First off, this is not a question about how to scrape websites. I am fully aware of the tools available to me to scrape (css_parser, nokogiri, etc. I'm using Ruby to do the scraping).
This is more of an overarching question on the best possible solution to scrape the logo of a website starting with nothing but a website address.
The two solutions I've begun to create are these:
- Use Google AJAX APIs to do an image search that is scoped to the site in question, with the query "logo", and grab the first result. This gets the logo, I'd say, about 30% of the time.
- The problem with the above is that Google doesn't really seem to care about CSS image replaced logos (ie. H1 text that is image replaced with the logo). The solution I've tentatively come up with is to pull down all CSS files, scan for url() declarations, and then look for the words header or logo in the file names.
Solution two is problematic because of the many idiosyncrasies of all the people who write CSS for websites. They use Header instead of logo in the file name. Sometimes the file name is random, saying nothing about a logo. Other times, it's just the wrong image.
I realize I might be able to do something with some sort of machine learning, but I'm on a bit of a deadline for a client and need something fairly capable soon.
So with all that said, if anyone has any "out of the box" thinking on this one, I'd love to hear it. If I can create a solution that works well enough, I plan on open-sourcing the library for any other interested parties :)
Thanks!
如果你对这篇内容有疑问,欢迎到本站社区发帖提问 参与讨论,获取更多帮助,或者扫码二维码加入 Web 技术交流群。
绑定邮箱获取回复消息
由于您还没有绑定你的真实邮箱,如果其他用户或者作者回复了您的评论,将不能在第一时间通知您!
发布评论
评论(5)
通过 Clearbit 查看此 API。使用起来非常简单:
只需将查询发送至:
https://logo.clearbit.com/[enter-domain-here]
例如:
https://logo.clearbit.com/www.stackoverflow.com
并取回标志图像!
更多相关信息此处
Check this API by Clearbit. It's super simple to use:
Just send a query to:
https://logo.clearbit.com/[enter-domain-here]
For example:
https://logo.clearbit.com/www.stackoverflow.com
and get back the logo image!
More about it here
我必须为之前的项目找到约 10K 网站的徽标,并尝试了您提到的在 URL 中提取带有“徽标”的图像的相同技术。我的变化是我在 webkit 中加载每个网页,以便所有图像都是从 CSS 或 JavaScript 加载的。这项技术为我提供了约 40% 网站的徽标。
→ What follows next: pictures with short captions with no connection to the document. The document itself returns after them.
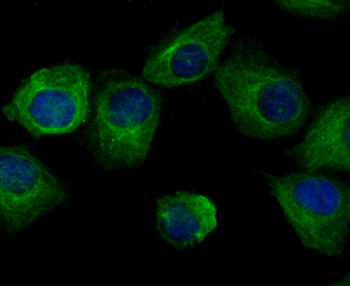 ARP3 Recombinant Rabbit Monoclonal Antibody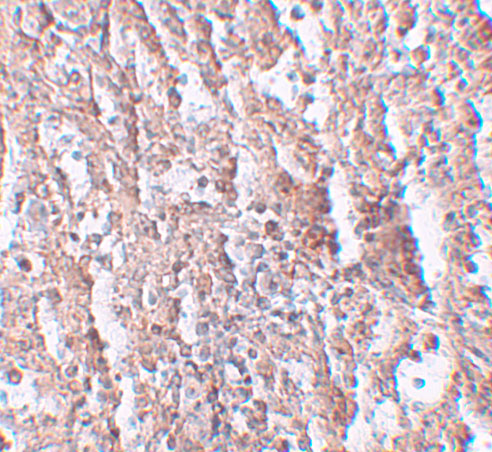 Immunohistochemistry of ZIP5 in human spleen tissue with ZIP5 antibody at 2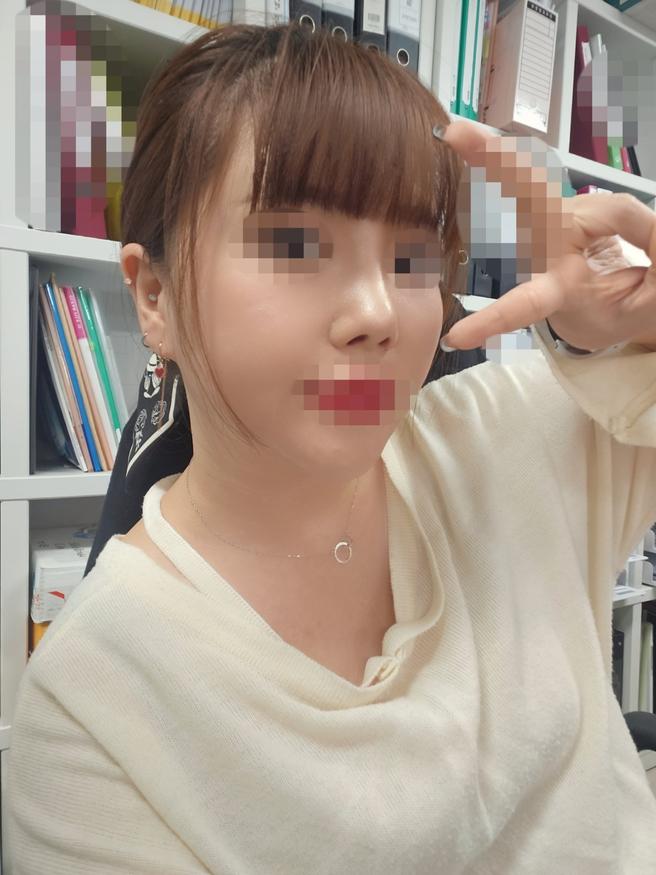 ศัลยกรรมจมูกครั้งแรก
然后我考虑创建一个应用程序,就像尼克建议的那样手动选择其余网站的徽标,但是我意识到将这些网站提供给便宜的人(我通过 Elance)手动完成工作。
所以我建议不要费心用完全技术性的解决方案来正确解决这个问题——外包体力劳动。
I had to find logos for ~10K websites for a previous project and tried the same technique you mentioned of extracting the image with "logo" in the URL. My variation was I loaded each webpage in webkit so that all images were loaded from CSS or JavaScript. This technique gave me logos for ~40% of websites.
Then I considered creating an app like Nick suggested to manually select the logo for the remaining websites, however I realized it was more cost effective to just give these to someone cheap (who I found via Elance) to do the work manually.
So I suggest don't bother solving this properly with a fully technical solution - outsource the manual labour.
创建应用程序肯定会对您有所帮助,但我相信最终会涉及一些手动工作。这就是我要做的。
即使我们可以编写一个应用程序来真正弄清楚它是否是一个徽标,这似乎也会是大量的代码。最后,它可能会比上面的淘汰更多,但你必须考虑到,人类直观地解析结果可能比你编写和测试复杂代码所花费的时间更快。
Creating an application will definetely help you, but I believe in the end there will some manual work involved. Here's what I would do.
Even if it we're possible to write an application to truly figure out if it was a logo or not seems like it would be a massive amount of code. In the end, it would probably weed out even more than the above, but you have to take into account it could be faster for human to visually parse the results then the time it took for you to write and test the complex code.
解决这个问题的另一种简单方法是获取所有叶节点,并获取第一个
可以在网上查找项目以获取 html 叶节点或使用正则表达式获取所有 html 标签的项目。
Yet another simple way to solve this problem is to get all leaf nodes and get the first
you can lookup for projects to get html leaf nodes on the net or use regular expressions to get all html tags.
我使用 C# 控制台应用程序和 HtmlAgilityPack nuget 包从 600 多个网站中抓取徽标。
算法是获取 url 中包含“logo”的所有图像。
在提取过程中您将面临的挑战是:
提出请求之前的协议)
考虑到这一点,
我获得了大约 70% 的成功,但有些图像并不是实际的徽标。
I used C# console app with HtmlAgilityPack nuget package to scrape logos from over 600+ sites.
Algorithm is that you get all images that have "logo" in url.
The challenges you will face with during such extraction are:
protocol before you make a request)
string at the end
With that things in mind I got approximately 70% of success but some images were not actual logos.